Ein Schatten schob sich zwischen ihn und den hellen Fleck, ein treibender Nebelschleier, formlos und tanzend, auf- und abwogend, als wäre er von einer inneren Kraft, einer unsichtbaren Spannung erfüllt. Etwas wie eine Hand wollte sich bilden, zerfaserte und formte sich neu, verwehte wieder. Und plötzlich wußte Skar, daß dort vorne nicht das Leben, sondern der Tod wartete - nein, nicht der Tod, sondern etwas Schlimmeres, etwas viel Schlimmeres. Etwas, das sich seinem Vorstellungsvermögen so vollkommen entzog, wie sich dem Bewußtsein eines Blinden Farben verschließen mußten. Er versuchte stehenzubleiben, aber es ging nicht. Seine Beine bewegten sich ohne sein Zutun, als wäre er eine Puppe, an deren Fäden ein unsichtbarer, gnadenloser Spieler zog. Er schrie, aber wie in einer grausamen Umkehrung seines ersten Erlebnisses wurde der Laut von seinen Lippen gerissen und ins Nirgendwo gesogen. »Wehre dich, Skar! Kämpfe! Du darfst nicht dorthin gehen! Kämpfe! Ich helfe dir!«

Der Nebelschleier begann sich zu verdichten, wurde zu einem länglichen grauen Umriß. Ein menschlicher Körper schien sich bilden zu wollen, schmal, gebeugt, in ein knöchellanges graues Gewandgehüllt. Aber da war noch eine andere Kraft, etwas, das - ohne daß er hätte sagen können, wieso - mit jener schrecklichen präsenten Leere auf der schwarzen Ebene verwandt schien und ihn mit unbändiger Gewalt weiterzerrte. Er sah, wie sich die Gestalt zusammenkrümmte, wie unter einem fürchterlichen Hieb taumelte. Für einen Augenblick erkannte er ihr Gesicht, aber der Name entfiel ihm sofort wieder. »Lauf, Skar! LAUF!!!«

Er spürte, wie der Sog für Momente nachließ. Die Gestalt vor ihm taumelte. Ihr Gesicht verzerrte sich, und Skar begriff plötzlich, daß er einem phantastischen Kampf zusah, einer Auseinandersetzung zweier ebenso unverständlicher wie gewaltiger Kräfte.

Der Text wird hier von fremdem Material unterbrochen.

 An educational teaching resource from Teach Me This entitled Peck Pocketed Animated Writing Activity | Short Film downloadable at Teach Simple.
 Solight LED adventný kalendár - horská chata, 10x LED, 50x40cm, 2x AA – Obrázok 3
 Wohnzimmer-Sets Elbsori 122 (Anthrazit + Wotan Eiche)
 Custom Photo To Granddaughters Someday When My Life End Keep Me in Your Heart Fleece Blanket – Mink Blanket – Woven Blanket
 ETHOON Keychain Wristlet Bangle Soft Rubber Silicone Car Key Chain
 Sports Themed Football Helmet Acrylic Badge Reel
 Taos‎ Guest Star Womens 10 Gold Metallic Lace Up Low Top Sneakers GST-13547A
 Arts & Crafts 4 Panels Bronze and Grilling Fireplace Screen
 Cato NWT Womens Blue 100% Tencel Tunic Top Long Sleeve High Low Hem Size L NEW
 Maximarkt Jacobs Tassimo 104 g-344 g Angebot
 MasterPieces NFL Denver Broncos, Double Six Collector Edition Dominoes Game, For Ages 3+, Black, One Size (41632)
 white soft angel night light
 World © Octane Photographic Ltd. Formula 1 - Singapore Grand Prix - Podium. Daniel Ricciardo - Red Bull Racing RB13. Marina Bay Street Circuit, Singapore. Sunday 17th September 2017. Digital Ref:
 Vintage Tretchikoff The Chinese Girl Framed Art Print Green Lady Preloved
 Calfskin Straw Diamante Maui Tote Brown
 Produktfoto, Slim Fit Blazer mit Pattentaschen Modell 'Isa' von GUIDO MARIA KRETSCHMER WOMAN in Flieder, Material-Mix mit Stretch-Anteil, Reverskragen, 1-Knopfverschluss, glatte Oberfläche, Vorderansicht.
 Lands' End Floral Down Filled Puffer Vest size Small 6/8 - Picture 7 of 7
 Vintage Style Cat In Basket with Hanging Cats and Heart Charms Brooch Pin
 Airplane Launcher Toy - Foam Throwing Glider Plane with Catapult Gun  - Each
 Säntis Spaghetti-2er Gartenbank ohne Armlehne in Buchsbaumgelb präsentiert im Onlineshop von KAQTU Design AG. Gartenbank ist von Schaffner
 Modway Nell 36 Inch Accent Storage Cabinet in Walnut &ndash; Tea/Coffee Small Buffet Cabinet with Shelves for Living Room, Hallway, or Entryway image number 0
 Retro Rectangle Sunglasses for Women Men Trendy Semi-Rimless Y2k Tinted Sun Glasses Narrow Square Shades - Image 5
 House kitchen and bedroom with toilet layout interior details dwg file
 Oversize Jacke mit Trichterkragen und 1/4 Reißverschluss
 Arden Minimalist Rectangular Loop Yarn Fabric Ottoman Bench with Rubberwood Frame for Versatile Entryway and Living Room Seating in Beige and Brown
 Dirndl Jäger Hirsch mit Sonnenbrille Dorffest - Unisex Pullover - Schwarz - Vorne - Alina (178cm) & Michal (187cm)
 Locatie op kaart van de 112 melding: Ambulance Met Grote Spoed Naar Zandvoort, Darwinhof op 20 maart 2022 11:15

Ein dumpfer, hallender Laut vibrierte durch den Gang, der Ton eines gewaltigen höllischen Gongs, Gesang aus den Kehlen hunderter schwarzer Mönche, die unter ihren Kapuzen ein Totenlied anstimmten, der Wutschrei eines gigantischen schwarzen Gottes, heraufgetragen aus den tiefsten Schlünden der Hölle.

»LAUF! SKAR! FLIEHE!!!«

Und Skar wandte sich um, drehte dem flackernden grauen Nichts am Ende des Stollens und der verkrümmten, stummen grauen Gestalt den Rücken zu und lief, lief, lief, lief...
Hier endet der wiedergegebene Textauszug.